Forecasting Changes to the Role of the Project Manager
When we combine the words ‘forecasting’ and ‘project management’, we envision a process of making predictions or assumptions on the possible outcomes of a project. We perform an analysis of historical project data as well as guesses on future outcomes to determine the duration, cost, and performance at project completion.
Project forecasting is done continuously and on every project. What companies fail to do is to forecast what the role of the project manager will be in the future based upon the major changes identified in the project management community of practice or changing roles within the organization.
Past success in project management is no guarantee of future performance. The management guru, Peter Drucker, often used the term, “The Failure of Success,” where companies become so successful at what they are doing that they refuse to challenge the results and the accompanying processes to see if it can be accomplished better in the future.
Drivers for Role Change
Forecasting major changes to the role of the project manager must begin with an understanding of the drivers that will necessitate that changes expected to take place.

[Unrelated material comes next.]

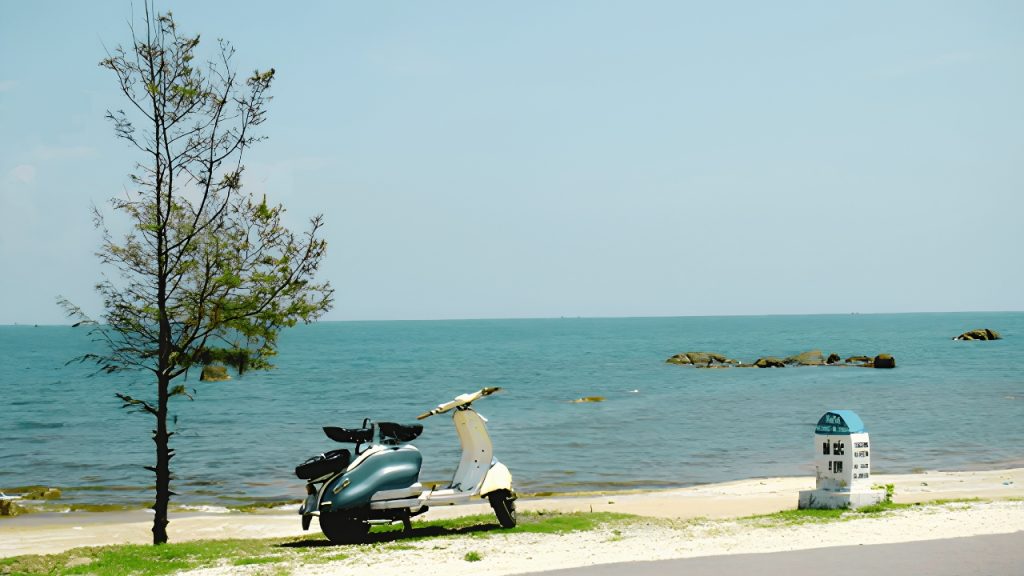 Thời điểm lý tưởng và Hướng dẫn di chuyển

Some of the drivers for role changes include the need for the project manager to:
- Manage new types of projects
- Design and select new types of methodologies for the new types of projects
- Make business as well as technical decisions
- Select new types of metrics for the new decisions required
- Use information warehouses, business intelligence systems and digital technologies
Developing new types of project leadership skills and being able to collaborate with all stakeholders more effectively, will shape the DNA of the future project manager. One of the biggest mistakes executives still make is limiting their views of what project managers are capable of achieving for their organizations strategically. The traditional tactical view of projects’ value has shifted to strategic value in most of the world organizations that have exemplified a pattern of consistent growth. These organizations now holistically measure what matters and thus understand the shifts in the role of the project managers that gets them there.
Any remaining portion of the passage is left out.